Quand les jours se rallongent, quand les nuits deviennent plus douces, commence ce qu'on appelle la « cinquième saison de l’année » : le carnaval. Une tradition ancestrale de festivités, où les villes et villages bas-rhinois organisent des défilés et des bals déguisés. Plusieurs jours de « folie », d’excès alimentaires et de beuveries afin de chasser l’hiver, mais surtout pour s’amuser.
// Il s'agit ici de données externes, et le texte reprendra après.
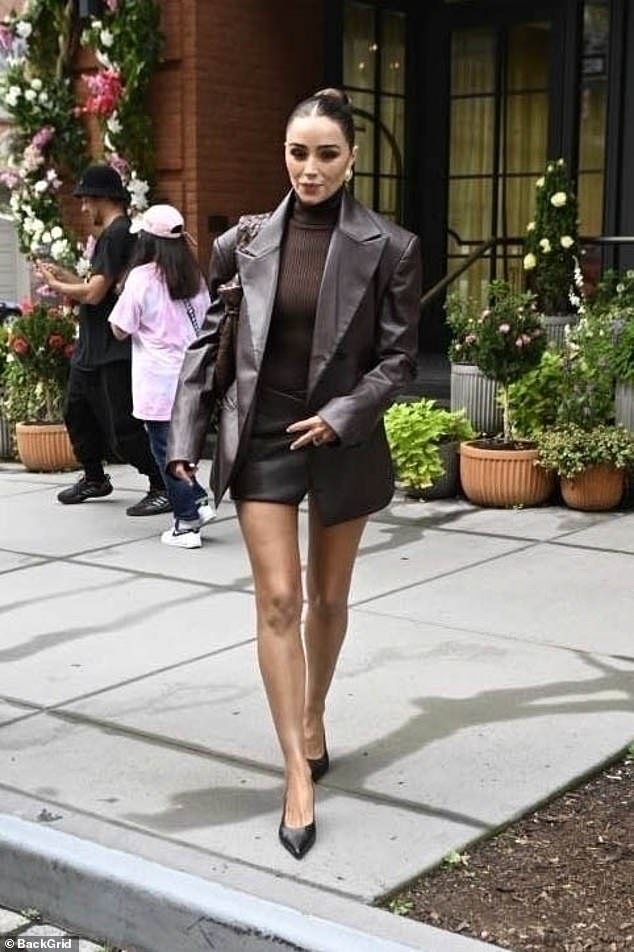 Autumn fashionista!  Olivia Culpo looked every bit the former Miss Universe she is as she left her Manhattan hotel to attend an event during New York Fashion Week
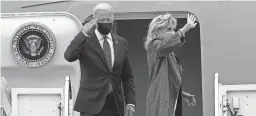  ?? SUSAN WALSH/AP ?? President Joe Biden and first lady Jill Biden pause at the top of the steps of Air Force One at Andrews Air Force Base in Maryland on Monday.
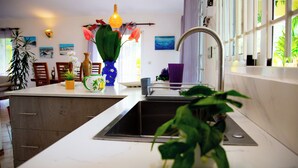 Una cocina moderna con encimera blanca, pileta de acero inoxidable y diversos utensilios de cocina.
Très populaire en Suisse alémanique et dans le Bade-Wurtemberg en Allemagne, le carnaval alsacien est fortement influencé par les festivités des régions voisines. À Mothern, village du nord de l’Alsace, les préparations ont débuté il y a plusieurs mois. Malgré l’esprit de fête assumé, le carnaval est une affaire sérieuse pour les Mothernois. « À partir de jeudi, le Schmutziger Donnerstag, et jusqu’à Mardi gras [le 21 février], on fait un bal tous les soirs », explique Martine Ball, présidente du comité des fêtes de Mothern. De plus, le dimanche, environ 40 chars participent à la cavalcade, une longue parade multicolore à travers tout le village.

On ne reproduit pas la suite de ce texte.